Rating-Oligopol
Der Burggraben wird tiefer

Die zuständigen US-Aufsichtsbehörden haben sich für mehr Wettbewerb unter den Rating-Agenturen stark gemacht. Aber der Deal, den der Generalstaatsanwalt von New York gerade mit Moody’s, Standard & Poor’s und Fitch zurechtgezimmert hat, könnte deren marktbeherrschende Stellung stattdessen noch weiter festigen.

Die Chefs der großen drei Rating-Agenturen haben ausgesprochen aufgeräumt geklungen, nachdem sie Andrew Cuomos Deal abgesegnet hatten, mit dem die Art und Weise, wie sie Hypothekenschuldtitel bewerten, geändert werden soll. Ihre Freude wird auch mit der Erleichterung darüber gepaart gewesen sein, dass der Generalstaatsanwalt von New York nicht den berüchtigten Martin Act aus dem Jahr 1921 herangezogen hat, um ihr Geschäft in der Luft zu zerreißen, wie dies Cuomos Vorgänger, Eliot Spitzer, mit anderen Wall Street-Firmen getan hatte. Aber vielleicht ist ihnen auch gedämmert, dass die Vereinbarung mit Cuomo ihr Oligopol tatsächlich noch weiter festigen könnte.
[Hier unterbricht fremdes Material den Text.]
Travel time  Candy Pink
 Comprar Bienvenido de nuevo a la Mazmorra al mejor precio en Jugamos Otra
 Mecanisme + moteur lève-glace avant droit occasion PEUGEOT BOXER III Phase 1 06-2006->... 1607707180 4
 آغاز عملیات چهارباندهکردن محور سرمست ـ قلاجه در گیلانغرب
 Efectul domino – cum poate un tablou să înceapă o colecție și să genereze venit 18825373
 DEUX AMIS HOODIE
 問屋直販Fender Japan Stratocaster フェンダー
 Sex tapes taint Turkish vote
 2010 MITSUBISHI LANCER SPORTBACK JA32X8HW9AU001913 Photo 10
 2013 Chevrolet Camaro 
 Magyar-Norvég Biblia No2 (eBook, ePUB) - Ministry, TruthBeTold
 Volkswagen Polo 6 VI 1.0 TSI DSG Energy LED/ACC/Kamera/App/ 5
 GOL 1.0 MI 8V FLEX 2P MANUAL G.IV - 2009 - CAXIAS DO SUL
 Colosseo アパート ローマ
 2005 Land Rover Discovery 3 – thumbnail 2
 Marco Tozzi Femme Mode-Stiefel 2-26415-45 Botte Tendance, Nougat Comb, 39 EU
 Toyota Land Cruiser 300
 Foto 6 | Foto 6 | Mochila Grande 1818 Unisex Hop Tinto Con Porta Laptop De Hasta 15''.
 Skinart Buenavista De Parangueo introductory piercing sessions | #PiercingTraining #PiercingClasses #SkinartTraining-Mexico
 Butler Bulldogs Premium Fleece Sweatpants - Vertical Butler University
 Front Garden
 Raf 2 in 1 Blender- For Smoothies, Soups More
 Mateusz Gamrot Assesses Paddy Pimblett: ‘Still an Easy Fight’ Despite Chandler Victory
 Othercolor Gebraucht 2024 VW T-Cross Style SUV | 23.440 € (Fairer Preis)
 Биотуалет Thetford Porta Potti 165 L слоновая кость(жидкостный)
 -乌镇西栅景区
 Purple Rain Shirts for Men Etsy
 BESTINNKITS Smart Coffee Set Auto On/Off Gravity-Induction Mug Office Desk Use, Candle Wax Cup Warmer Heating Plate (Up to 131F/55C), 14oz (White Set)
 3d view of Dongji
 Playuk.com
Der Generalstaatsanwalt will mit der Praxis Schluss machen, dass die Banker bei den Ratings quasi auf "Schnäppchenjagd" gehen, indem sie nach der optimistischsten Bewertung für hypothekenbesicherte Wertpapiere Ausschau halten. Derzeit schätzen Moody?s, Standard & Poor?s und Fitch Ratings zunächst die Pools für Sicherheiten und die Strukturen dieser Deals ein und berichten darüber an die Finanziers, ohne etwas für diese Arbeit in Rechnung zu stellen. Die Banker können frei zwischen den Firmen wählen, die am zuversichtlichsten erscheinen, und dann für die endgültige Bewertung zahlen.

Ein Teil des Cuomo-Abkommens verlangt von den Agenturen, ihre anfänglichen Auswertungen getrennt von den endgültigen Ratings abzurechnen. Damit soll der Anreiz verringert werden, dass die Agenturen zu wohlwollend verfahren, weil sie sich damit das Geschäft zu sichern hoffen.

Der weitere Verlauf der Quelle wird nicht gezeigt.